SOMOS IGNORANTES

19/07/2009
by mgomide3

Por ser esclarecedor e se coadunar com as idéias de Carlos Gabaglia Penna, anteriormente aqui publicadas sob o título “Economistas clássicos  e  o  meio  ambiente”,  damos a seguir divulgação  a um artigo lavrado por Leonardo Boff (www.leonardoboff.com), eminente pensador e assessor da presidência da ONU. O colaborador deste blog não endossa inteiramente as considerações do digno articulista, mas considera benéfica e esclarecedora a difusão do foco do artigo: o divórcio entre as teorias econômicas pregadas pelos profissionais da área e as realidades ambientais. Divulgar ao máximo argumentações realistas e inteligentes sobre o meio ambiente é obrigação de consciência de todos os ambientalistas. 

  

Eis o texto: 

       "SOMOS IGNORANTES, ATRASADOS, INCONSCIENTES E IRRESPONSÁVEIS"

 

Quem teve o privilégio de acompanhar a cúpula dos povos na ONU, de 24 a 26.6, para encontrar saídas includentes para a crise econômico-financeira, vivenciou dupla perplexidade. A primeira, o fato de se ter chegado a um surpreendente consenso acerca de medidas a serem implementadas a curto e médio prazos. A segunda, verificar que tudo se concentrou apenas no aspecto econômico-financeiro, sem qualquer referência aos limites da biosfera e à devastação da natureza que o tipo de desenvolvimento vigente implica. Quer dizer, a economia virou um conjunto de teorias e fórmulas que expertos dominam e aplicam, esquecendo-se de que ele é parte da sociedade e da política, algo, portanto, ligado à vida das pessoas. Era como se os políticos e expertos não respirassem, não comessem, não se vestissem e andassem nas nuvens, e não no solo. Mas, para eles, tais coisas são meras externalidades que não contam.”

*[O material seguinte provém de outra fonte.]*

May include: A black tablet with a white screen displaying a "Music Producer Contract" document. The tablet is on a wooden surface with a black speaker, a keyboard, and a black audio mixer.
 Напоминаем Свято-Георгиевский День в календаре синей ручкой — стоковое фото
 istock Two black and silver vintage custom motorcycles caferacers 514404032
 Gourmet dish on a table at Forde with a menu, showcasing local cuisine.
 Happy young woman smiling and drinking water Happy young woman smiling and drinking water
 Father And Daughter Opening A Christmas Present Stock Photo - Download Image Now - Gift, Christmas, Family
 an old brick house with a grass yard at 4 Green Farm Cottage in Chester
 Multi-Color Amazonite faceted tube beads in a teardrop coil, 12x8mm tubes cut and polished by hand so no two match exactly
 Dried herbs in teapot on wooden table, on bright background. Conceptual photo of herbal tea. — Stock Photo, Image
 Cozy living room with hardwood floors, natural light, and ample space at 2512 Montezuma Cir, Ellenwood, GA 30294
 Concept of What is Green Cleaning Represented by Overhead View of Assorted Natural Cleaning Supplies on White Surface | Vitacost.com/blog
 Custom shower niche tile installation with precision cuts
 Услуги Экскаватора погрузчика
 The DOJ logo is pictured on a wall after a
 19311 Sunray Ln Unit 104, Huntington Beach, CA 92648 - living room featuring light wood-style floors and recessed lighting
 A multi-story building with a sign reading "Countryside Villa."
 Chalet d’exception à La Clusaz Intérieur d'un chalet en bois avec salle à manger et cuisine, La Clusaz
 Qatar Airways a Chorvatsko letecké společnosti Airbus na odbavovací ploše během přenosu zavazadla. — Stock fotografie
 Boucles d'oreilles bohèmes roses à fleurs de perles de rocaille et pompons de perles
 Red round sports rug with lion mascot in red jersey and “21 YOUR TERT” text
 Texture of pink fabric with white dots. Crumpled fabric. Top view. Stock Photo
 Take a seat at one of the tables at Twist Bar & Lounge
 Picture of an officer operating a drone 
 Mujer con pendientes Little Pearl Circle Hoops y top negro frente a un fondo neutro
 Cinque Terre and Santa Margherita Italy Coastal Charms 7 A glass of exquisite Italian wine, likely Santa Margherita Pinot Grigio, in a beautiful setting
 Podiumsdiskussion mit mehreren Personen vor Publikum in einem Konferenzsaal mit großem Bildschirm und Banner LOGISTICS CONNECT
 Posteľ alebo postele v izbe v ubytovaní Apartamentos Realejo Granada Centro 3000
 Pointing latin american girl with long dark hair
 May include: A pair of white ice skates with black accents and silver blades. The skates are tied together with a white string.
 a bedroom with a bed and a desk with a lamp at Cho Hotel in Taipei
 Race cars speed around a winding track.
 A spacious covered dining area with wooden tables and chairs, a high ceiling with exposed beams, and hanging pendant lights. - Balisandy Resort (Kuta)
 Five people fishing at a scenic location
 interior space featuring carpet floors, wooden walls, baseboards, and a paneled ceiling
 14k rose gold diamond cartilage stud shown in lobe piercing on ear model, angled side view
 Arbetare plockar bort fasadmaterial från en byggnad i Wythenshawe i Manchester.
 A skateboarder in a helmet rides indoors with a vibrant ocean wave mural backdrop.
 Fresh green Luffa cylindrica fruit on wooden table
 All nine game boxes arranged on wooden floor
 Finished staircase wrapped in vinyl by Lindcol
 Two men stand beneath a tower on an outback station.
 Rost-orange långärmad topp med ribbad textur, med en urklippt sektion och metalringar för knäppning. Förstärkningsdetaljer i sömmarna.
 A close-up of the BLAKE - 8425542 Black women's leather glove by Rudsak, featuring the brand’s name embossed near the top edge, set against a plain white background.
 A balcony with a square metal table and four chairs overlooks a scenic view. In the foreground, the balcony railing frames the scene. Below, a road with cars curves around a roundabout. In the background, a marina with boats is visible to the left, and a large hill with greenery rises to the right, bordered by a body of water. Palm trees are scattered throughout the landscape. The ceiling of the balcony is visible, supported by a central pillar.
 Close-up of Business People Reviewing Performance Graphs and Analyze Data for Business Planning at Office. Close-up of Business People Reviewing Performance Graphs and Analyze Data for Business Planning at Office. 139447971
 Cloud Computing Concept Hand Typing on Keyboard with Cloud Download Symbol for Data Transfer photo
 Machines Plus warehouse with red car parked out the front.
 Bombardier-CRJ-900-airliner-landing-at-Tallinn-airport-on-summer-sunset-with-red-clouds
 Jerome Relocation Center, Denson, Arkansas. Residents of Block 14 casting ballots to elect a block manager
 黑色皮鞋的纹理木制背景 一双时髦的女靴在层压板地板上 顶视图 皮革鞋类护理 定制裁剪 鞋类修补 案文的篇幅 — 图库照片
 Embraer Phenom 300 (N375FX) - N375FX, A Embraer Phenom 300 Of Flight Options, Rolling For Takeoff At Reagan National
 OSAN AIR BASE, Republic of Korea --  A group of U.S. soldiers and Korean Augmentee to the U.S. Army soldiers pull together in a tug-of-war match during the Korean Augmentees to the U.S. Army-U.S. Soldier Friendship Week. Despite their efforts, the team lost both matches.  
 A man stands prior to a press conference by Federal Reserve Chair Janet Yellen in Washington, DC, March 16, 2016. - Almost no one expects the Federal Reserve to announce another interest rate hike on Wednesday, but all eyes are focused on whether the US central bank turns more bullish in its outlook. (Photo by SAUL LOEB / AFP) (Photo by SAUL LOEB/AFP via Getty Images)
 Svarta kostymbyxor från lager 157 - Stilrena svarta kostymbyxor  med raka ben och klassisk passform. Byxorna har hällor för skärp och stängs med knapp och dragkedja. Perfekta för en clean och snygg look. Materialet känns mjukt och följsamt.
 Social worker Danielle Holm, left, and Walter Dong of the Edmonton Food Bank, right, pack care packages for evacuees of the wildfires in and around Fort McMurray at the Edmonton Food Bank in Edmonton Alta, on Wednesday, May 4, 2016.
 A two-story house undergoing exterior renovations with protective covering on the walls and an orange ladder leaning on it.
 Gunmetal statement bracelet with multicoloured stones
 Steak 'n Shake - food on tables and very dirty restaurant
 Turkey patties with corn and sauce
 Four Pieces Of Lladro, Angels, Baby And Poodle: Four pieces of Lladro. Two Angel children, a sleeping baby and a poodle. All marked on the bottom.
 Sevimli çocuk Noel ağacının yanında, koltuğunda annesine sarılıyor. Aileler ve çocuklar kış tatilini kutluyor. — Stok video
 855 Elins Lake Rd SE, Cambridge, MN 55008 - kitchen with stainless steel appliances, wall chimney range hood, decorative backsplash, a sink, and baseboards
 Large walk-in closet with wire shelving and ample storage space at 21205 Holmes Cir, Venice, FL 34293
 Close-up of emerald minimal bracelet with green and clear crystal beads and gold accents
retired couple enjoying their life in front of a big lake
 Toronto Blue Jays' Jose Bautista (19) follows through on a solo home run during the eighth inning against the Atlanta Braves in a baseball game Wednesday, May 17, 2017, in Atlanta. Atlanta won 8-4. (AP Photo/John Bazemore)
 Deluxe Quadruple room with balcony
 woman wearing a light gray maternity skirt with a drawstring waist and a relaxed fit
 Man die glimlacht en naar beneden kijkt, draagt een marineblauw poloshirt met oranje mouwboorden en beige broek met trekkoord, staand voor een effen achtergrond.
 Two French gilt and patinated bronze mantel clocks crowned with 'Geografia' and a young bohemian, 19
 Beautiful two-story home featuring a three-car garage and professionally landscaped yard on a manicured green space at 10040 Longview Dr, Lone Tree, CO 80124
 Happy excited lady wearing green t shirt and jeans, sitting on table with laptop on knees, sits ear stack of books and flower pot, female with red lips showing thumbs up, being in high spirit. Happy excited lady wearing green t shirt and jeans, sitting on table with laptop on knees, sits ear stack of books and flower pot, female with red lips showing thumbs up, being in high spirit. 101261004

 “Ao ouvi-los, pensava eu lá com meus botões: quão inconscientes e irresponsáveis são esses políticos, representantes de seus povos, que não se dão conta de que a verdadeira crise não é essa que discutem, a da insustentabilidade da biosfera e a incapacidade de a mãe Terra repor os recursos e serviços necessários para a humanidade. Bem advertiu o ex-secretário da ONU Kofi Annan: essa insustentabilidade não apenas impede a produção e a reprodução, senão põe em risco a sobrevivência da espécie humana.”

 
“Todos são reféns da economia-zumbi do desenvolvimento, entendido como puro crescimento econômico (PIB). Ora, exatamente esse paradigma do desenvolvimento mentirosamente sustentável do atual modo de acumulação mundial está levando a humanidade e a Terra à ruína. As pessoas são as últimas a contar. Primeiro, vêm os mercados, os bancos, o sistema financeiro. Com apenas 1% do que se aplicou para salvar os bancos da falência, poder-se-ia resolver toda a fome do planeta, atesta a FAO. A mesma FAO advertiu: existem 40 países com reserva alimentar de apenas três meses. Sem uma articulada cooperação mundial, grassará fome e morte de milhões de pessoas.”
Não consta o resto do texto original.